Most workers subjected to workplace mobbing do not become violent, and when they do, they almost always turn that violence on themselves through suicide. Those who do become violent, virtually always male gun owners, rarely have a history of violence (Amy Bishop, the University of Alabama faculty member who killed colleagues after being denied tenure, was an exception in this regard—not only was she one of the only women to ever “go postal,” but she had murdered her own brother years before).
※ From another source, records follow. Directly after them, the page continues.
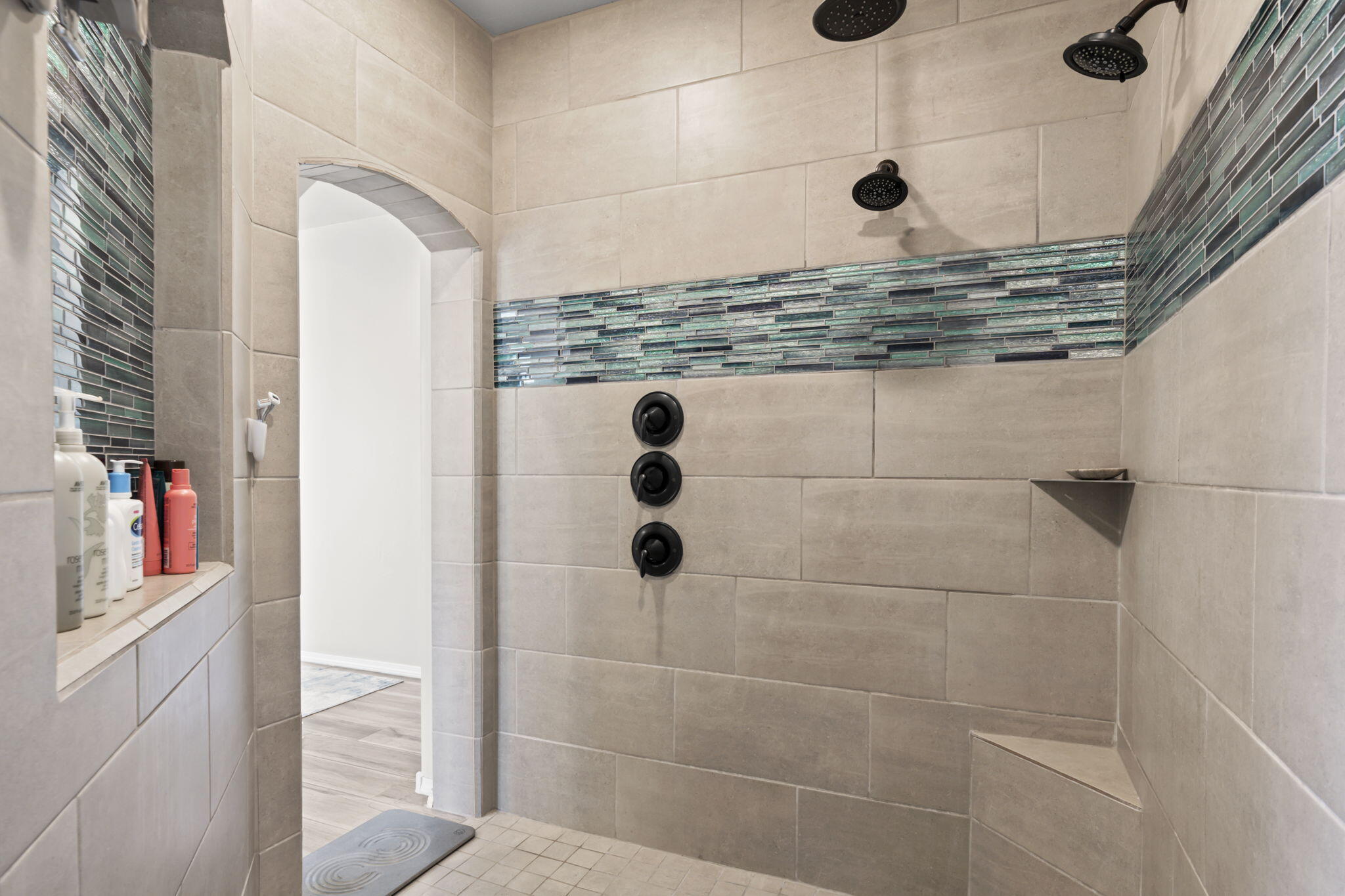 5611 Desert Sky Place NE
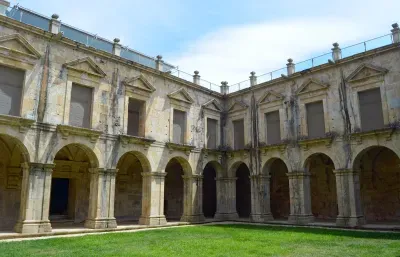 Monastery de Santa Maria de Salzedas cloisters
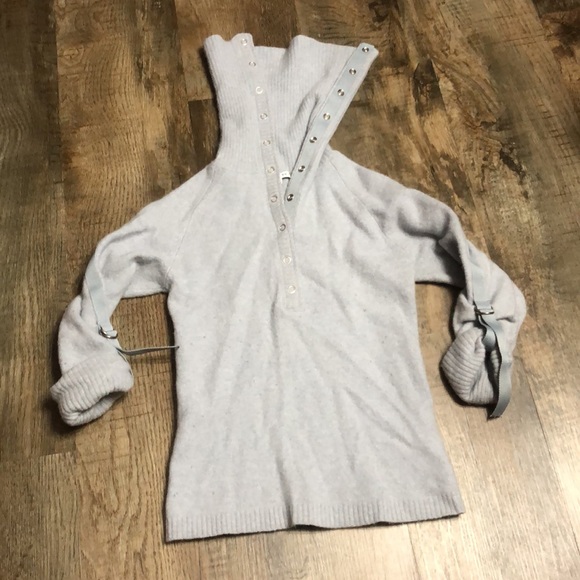 Smart Set Merino Wool Turtle Sweater - Picture 3 of 7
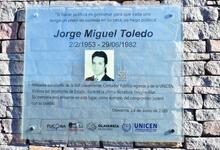 Emotivo homenaje al estudiante del Instituto Superior de Olavarría detenido por la dictadura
In the documentary, Murder by Proxy, filmmaker Emil Chiaberi asks why most workplace spree killings are committed by people with no history of violence or mental illness. Chiaberi shows how workers “going postal” at the U.S. Postal Service have been in many cases subjected to longer hours, greater demands, and increasingly arbitrary and cruel disciplinary procedures that continued for so long that the worker finally snapped. “It’s crazy making,” one woman who had been mobbed once told me, “It’s like they picked up my whole personality and smashed it on the ground and it shattered in a million broken pieces.”

Because I have been writing on the topic, I hear from mobbed workers every week and from nearly every continent on the planet. The details differ but the process is always the same. Someone in a position of leadership has sounded the alarm to destroy the worker, the accusations and investigations begin, the person’s entire work history and identity are revised until they are made out to be delusional and a danger, and one by one the workforce joins in until the worker is so enraged and traumatized that some do, as Christopher Dorner has done, eventually become the delusional and dangerous person they’ve been made out to be.

Yet almost all focus on workplace aggression has lately focused on workplace “bullies,” depicting them as “psychopaths” and “tyrants” who must be eliminated at all costs. It is no surprise at all, given the current demonization of “bullies,” that Dorner alleged he was called a bully after making his report. I have long cautioned that by creating a category of people who are considered deserving of shunning and expulsion, employers need only label a whistleblower a bully to be rid of him or her.

How can a non-aggressive worker be painted as a bully? It’s surprisingly easy. Making complaints becomes “negativity,” becoming angry at mistreatment is “hostility,” and being shunned by workers is viewed as evidence of being disliked and avoided by one’s colleagues. Aggressive behavior is indeed unacceptable, but the current mainstream bully paradigm of pointing the finger at the bad apple bully is ripe for abuse because the label will never stick to the most aggressive worker. It will only, and always, stick to the least powerful one.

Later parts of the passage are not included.